Exercise goal: The records below are to be transcribed exactly from their first line to the line that has "马奎省斯林县区种植了各种夏作物2万多英亩", inclusive, with every picture omitted.
-------------------------
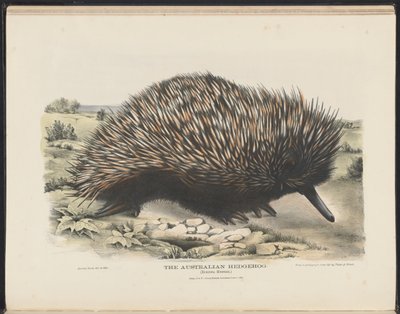 Avustralya Memelileri (Krefft) Nla.obj-33627803-15 Avustralya Kirpi by Harriet Morgan
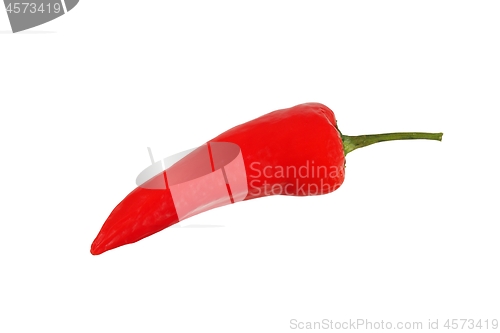 Image of Chili pepper on white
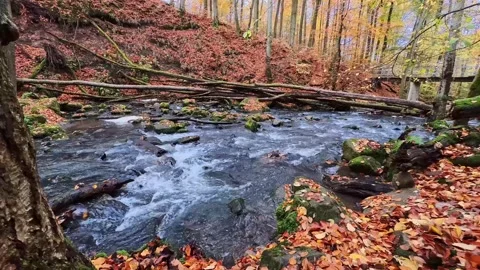 Rushing mountain river flowing through autumnal forest scenery Video stock 321803497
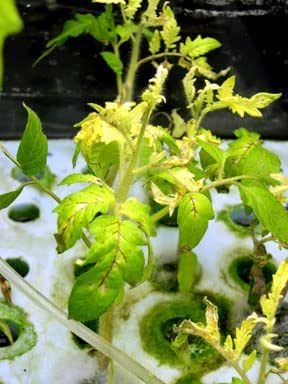 Miniatura 4 de TrueNute - Quelato de hierro al 6 por ciento FeEDDHA 16 onzas para acuaponía, hidroponía y todos los jardines, así como árboles y arbustos,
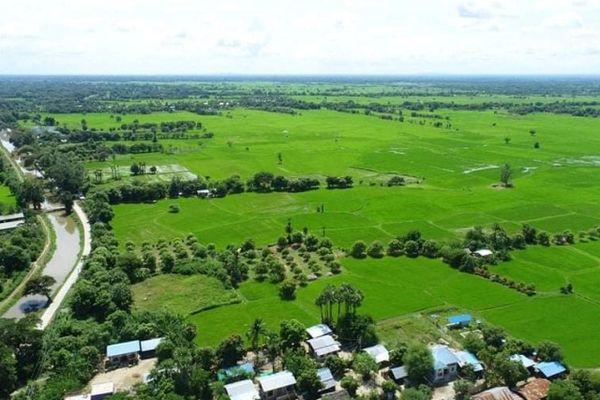 马奎省斯林县区种植了各种夏作物2万多英亩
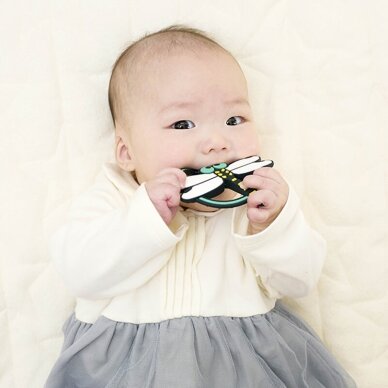 Kramtukas kūdikiams EDISONmama „Kamikami Baby Dragonfly“, nuo 3 mėn., KJ420377 1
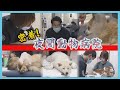 最後の砦「夜間動物病院」命をつなぐ瞬間に密着　次々やってくる急患　北海道唯一の救急医療の現場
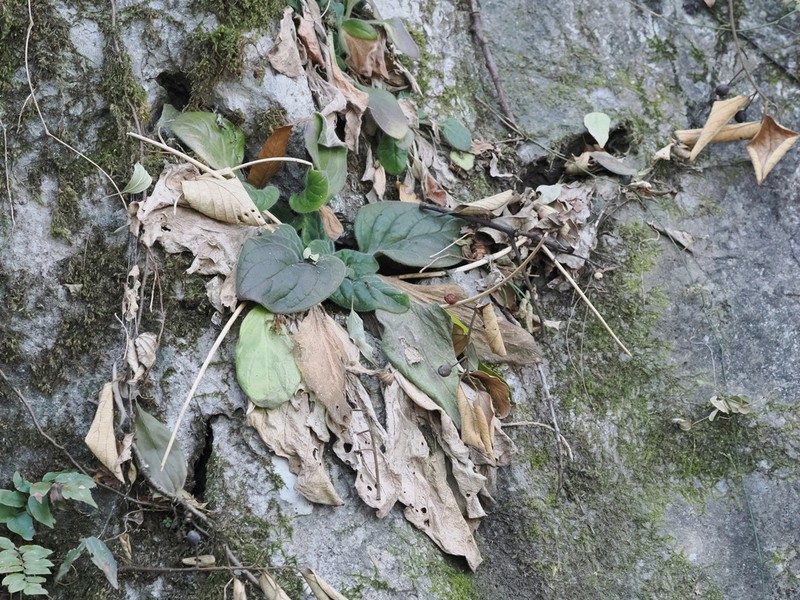 Primulina xiziae photo 8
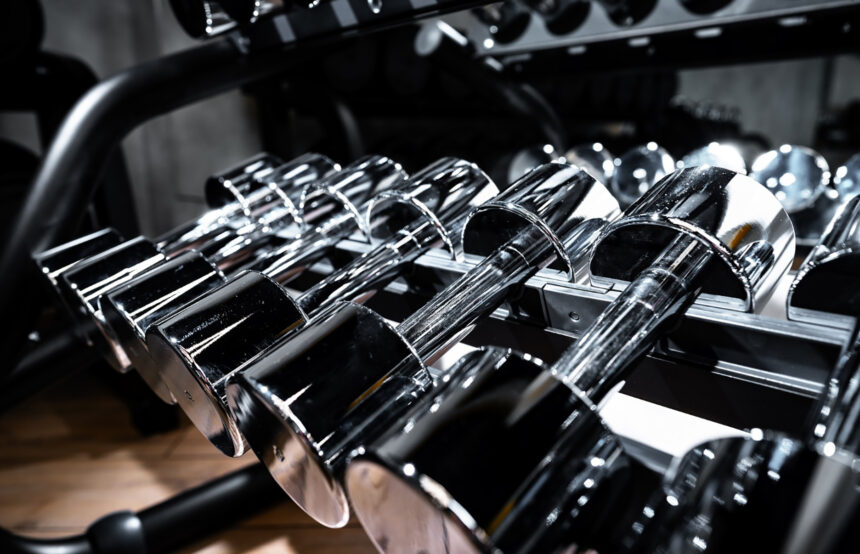 weights in gym | add muscle without adding weight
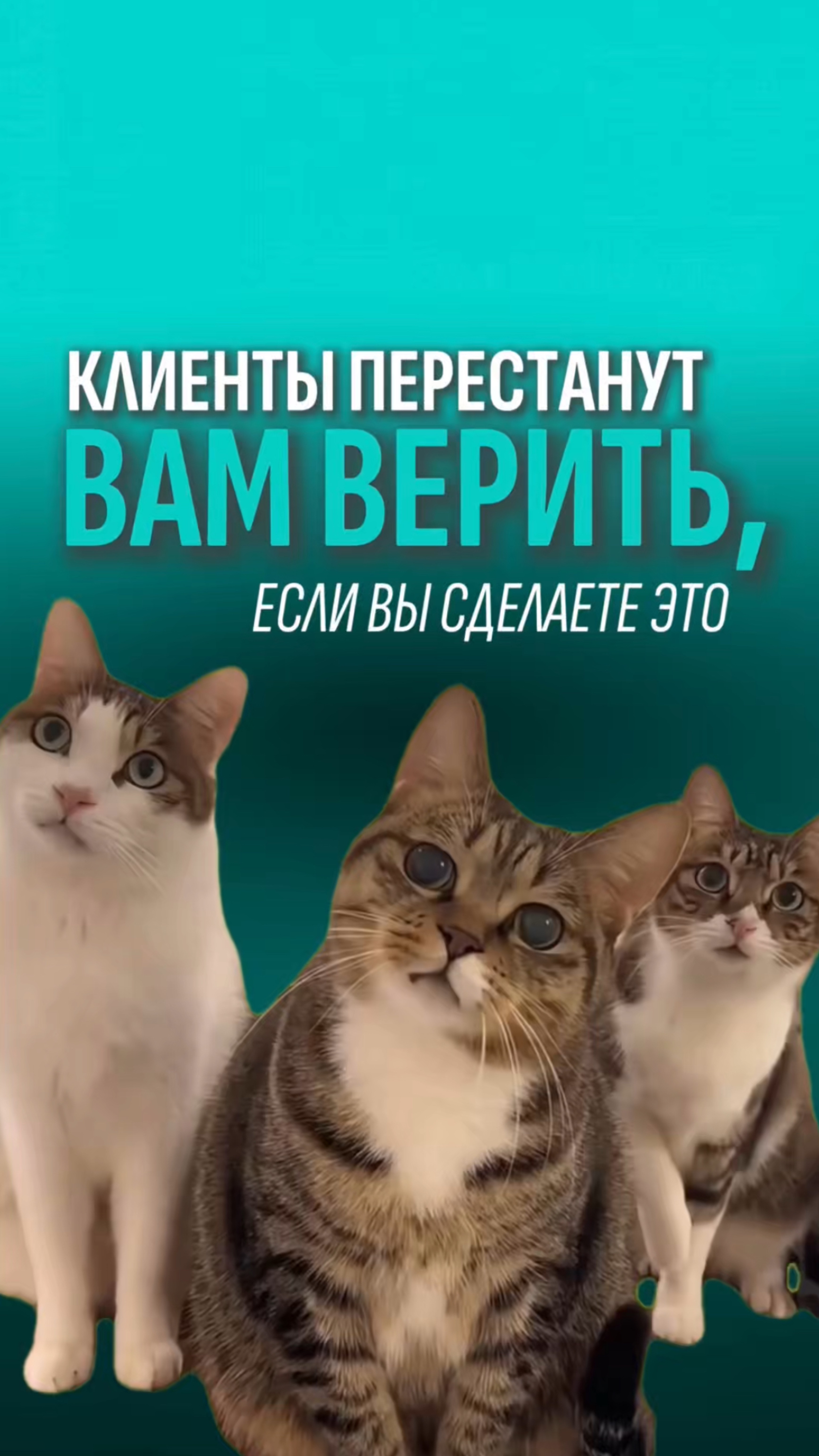 Клиенты перестанут вам верить, если вы сделаете ЭТО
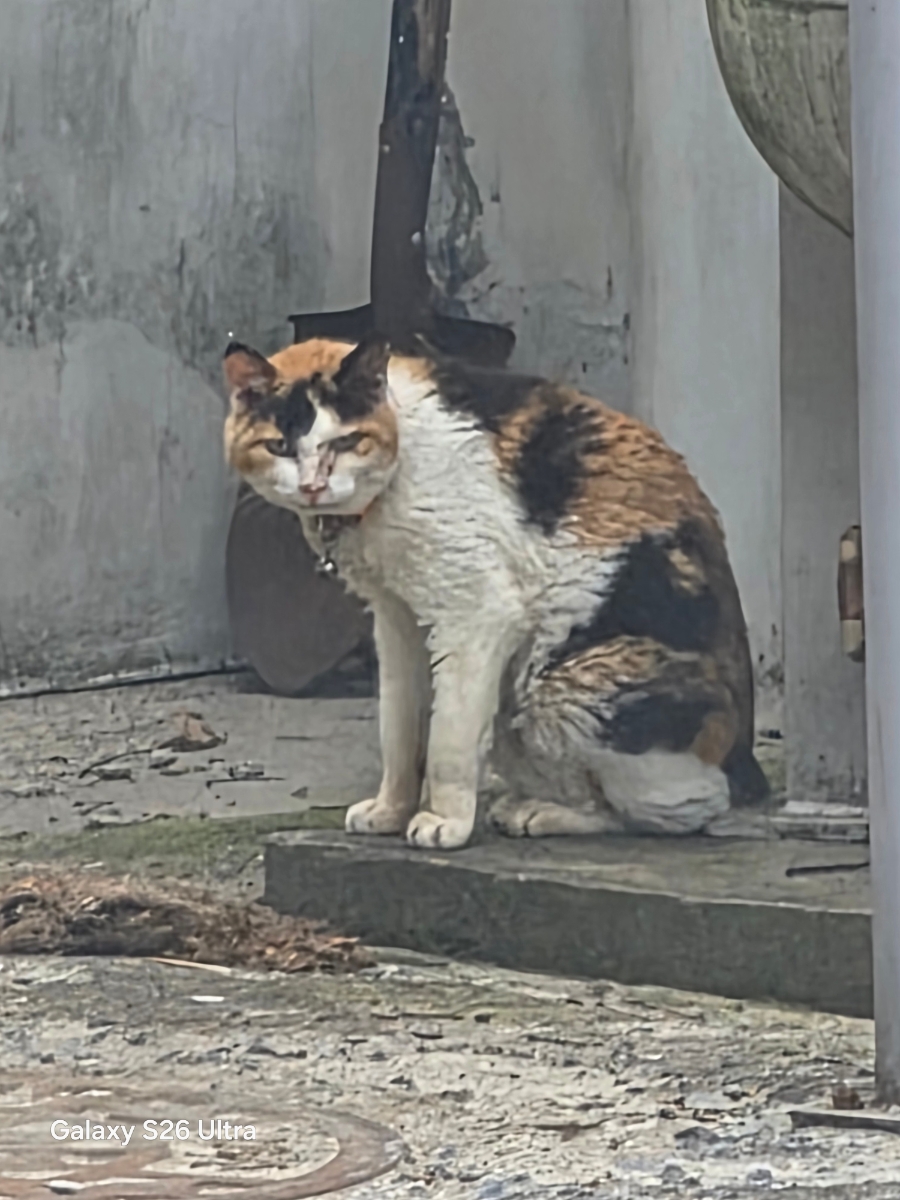향수민물매운탕장어구이 사진 1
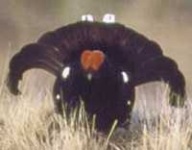 image of black_grouse #34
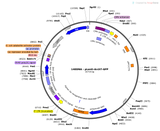 Lenti-CMV-ArchT-GFP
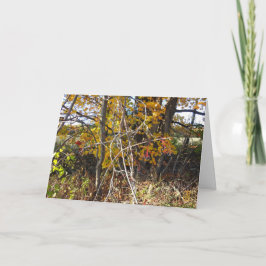 Höstvingekort för vinjettstangel och marsdiagram " kort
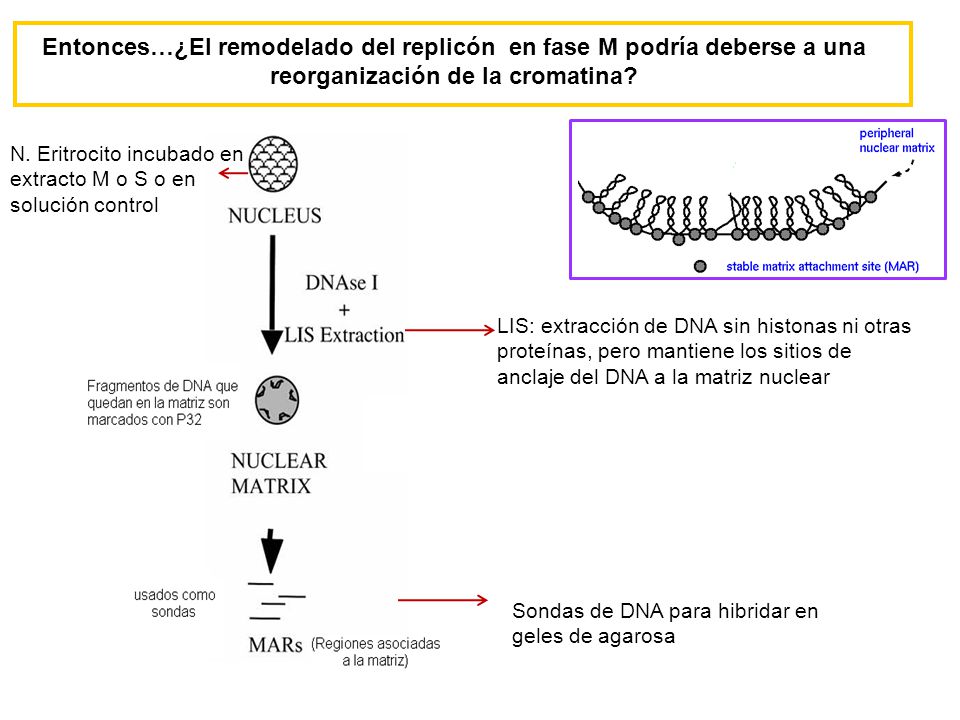 Entonces…¿El remodelado del replicón en fase M podría deberse a una reorganización de la cromatina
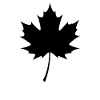 Maple Leaf Silhouette – Natural Minimalism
-------------------------
Result:
 Avustralya Memelileri (Krefft) Nla.obj-33627803-15 Avustralya Kirpi by Harriet Morgan
 Image of Chili pepper on white
 Rushing mountain river flowing through autumnal forest scenery Video stock 321803497
 Miniatura 4 de TrueNute - Quelato de hierro al 6 por ciento FeEDDHA 16 onzas para acuaponía, hidroponía y todos los jardines, así como árboles y arbustos,
 马奎省斯林县区种植了各种夏作物2万多英亩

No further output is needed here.